Quobyte tackles high-speed file querying demand with new engine

Unified high-performance storage platform Quobyte has taken the wraps off its distributed File Query Engine, intended to allow users to query file system metadata at high speed.

Quobyte allows small teams to run large-scale high-performance computing (HPC) infrastructures across various industry segments, including education and health research.

Aimed at environments with massive data sets, File Query Engine offers a range of capabilities, including the ability to query user-defined metadata for AI/ML training, enabling users to label files with data directly, instead of managing small metadata files.

Additionally, administrators can quickly answer operational questions, such as identifying space-consuming cold files or locating files owned by specific users.
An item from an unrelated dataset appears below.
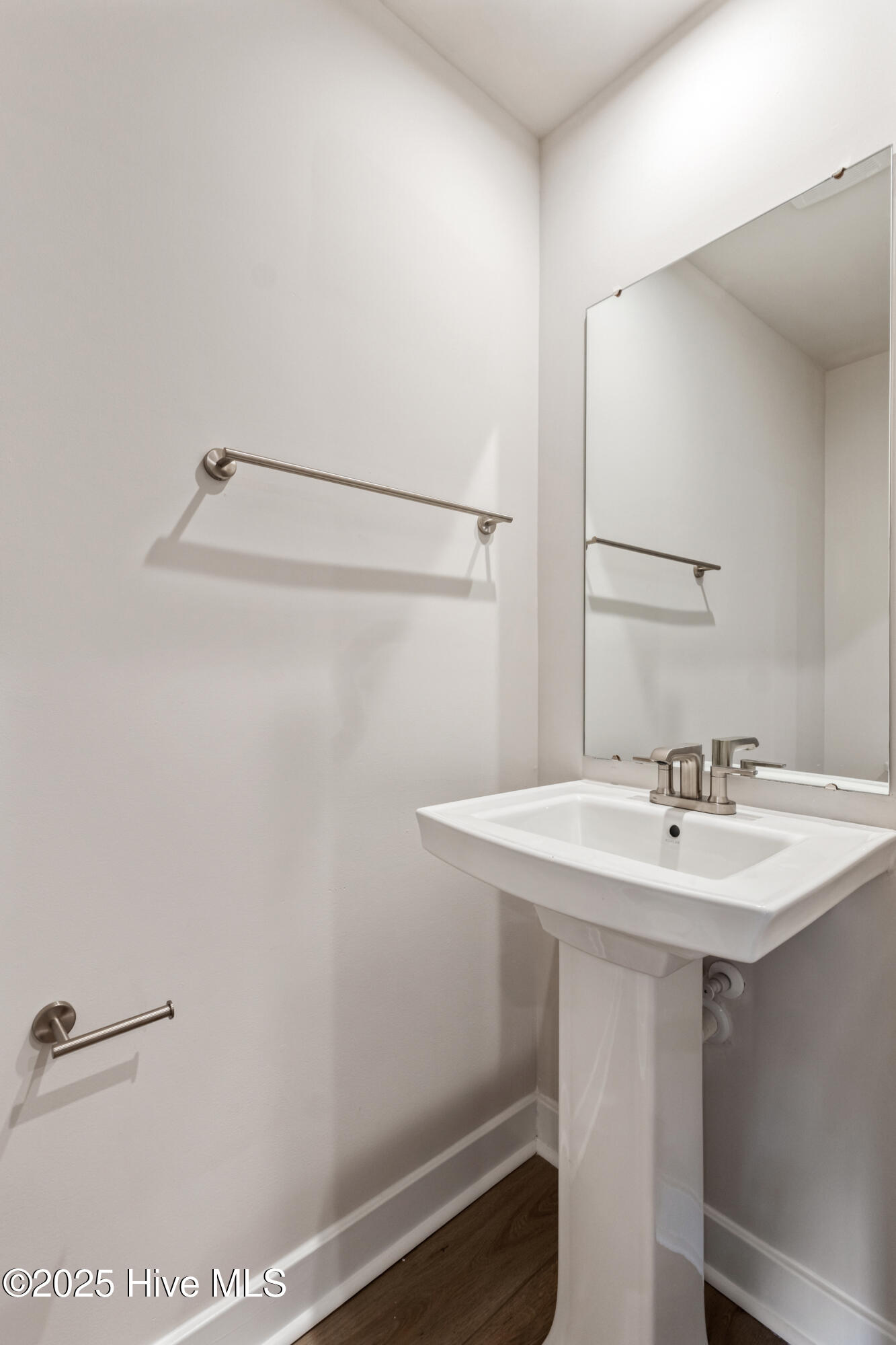 2084 Parrow Lane NW, E E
File Query Engine replaces slow file system tree walks (“find”), offering a faster and more efficient alternative for large volumes. It is integrated with Quobyte’s distributed and replicated key-value store, which stores metadata.

And, unlike other products, the engine does not require an additional database layer, resulting in faster queries and “significant” resource savings, claimed Quobyte. Queries are executed in parallel across all metadata servers for fast scans across the entire cluster or select volumes.
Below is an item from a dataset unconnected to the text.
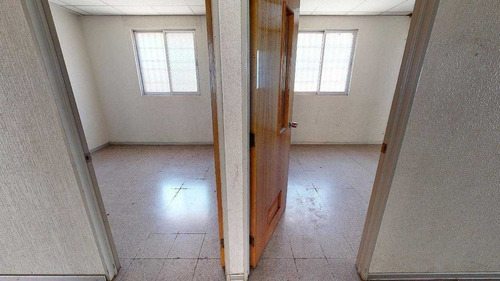 Imagen 10 de 18 de Arriendo Oficinas - Terreno - Oportunidad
“File Query Engine is a game-changer for our customers,” said Bjorn Kolbeck, CEO of Quobyte. “It streamlines the process of querying file system metadata, offering fast and efficient results even for large datasets, AI, and machine-learning workloads.”

The technology is part of Quobyte release 3.22 and is automatically available without any configuration. Users can run file metadata queries using the command-line tool “qmgmt,” which supports output in CSV or JSON formats.

Additionally, queries can be initiated via the Quobyte API, providing “flexibility and ease of use”, said the provider.

Among various existing use cases, Quobyte unified block, file and object storage is being used by the HudsonAlpha Institute for Biotechnology in the US, to store primary life sciences and genomics data in a hybrid disk+flash system.